YOUR ASSIGNMENT:
Please return each of the entries below exactly as they appear.
= = =
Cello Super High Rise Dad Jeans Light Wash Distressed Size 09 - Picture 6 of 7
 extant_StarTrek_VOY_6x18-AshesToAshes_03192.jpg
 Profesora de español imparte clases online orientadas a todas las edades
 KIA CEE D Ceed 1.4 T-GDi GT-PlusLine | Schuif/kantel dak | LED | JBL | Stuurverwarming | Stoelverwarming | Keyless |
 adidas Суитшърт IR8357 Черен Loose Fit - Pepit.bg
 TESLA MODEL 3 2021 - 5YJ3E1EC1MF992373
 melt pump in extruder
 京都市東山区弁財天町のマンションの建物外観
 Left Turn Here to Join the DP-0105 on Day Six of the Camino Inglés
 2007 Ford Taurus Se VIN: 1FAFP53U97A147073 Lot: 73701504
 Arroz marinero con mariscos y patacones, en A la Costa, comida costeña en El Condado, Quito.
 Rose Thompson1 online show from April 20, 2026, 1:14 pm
= = =
OUTPUT OF THE TASK:
Cello Super High Rise Dad Jeans Light Wash Distressed Size 09 - Picture 6 of 7
 extant_StarTrek_VOY_6x18-AshesToAshes_03192.jpg
 Profesora de español imparte clases online orientadas a todas las edades
 KIA CEE D Ceed 1.4 T-GDi GT-PlusLine | Schuif/kantel dak | LED | JBL | Stuurverwarming | Stoelverwarming | Keyless |
 adidas Суитшърт IR8357 Черен Loose Fit - Pepit.bg
 TESLA MODEL 3 2021 - 5YJ3E1EC1MF992373
 melt pump in extruder
 京都市東山区弁財天町のマンションの建物外観
 Left Turn Here to Join the DP-0105 on Day Six of the Camino Inglés
 2007 Ford Taurus Se VIN: 1FAFP53U97A147073 Lot: 73701504
 Arroz marinero con mariscos y patacones, en A la Costa, comida costeña en El Condado, Quito.
 Rose Thompson1 online show from April 20, 2026, 1:14 pm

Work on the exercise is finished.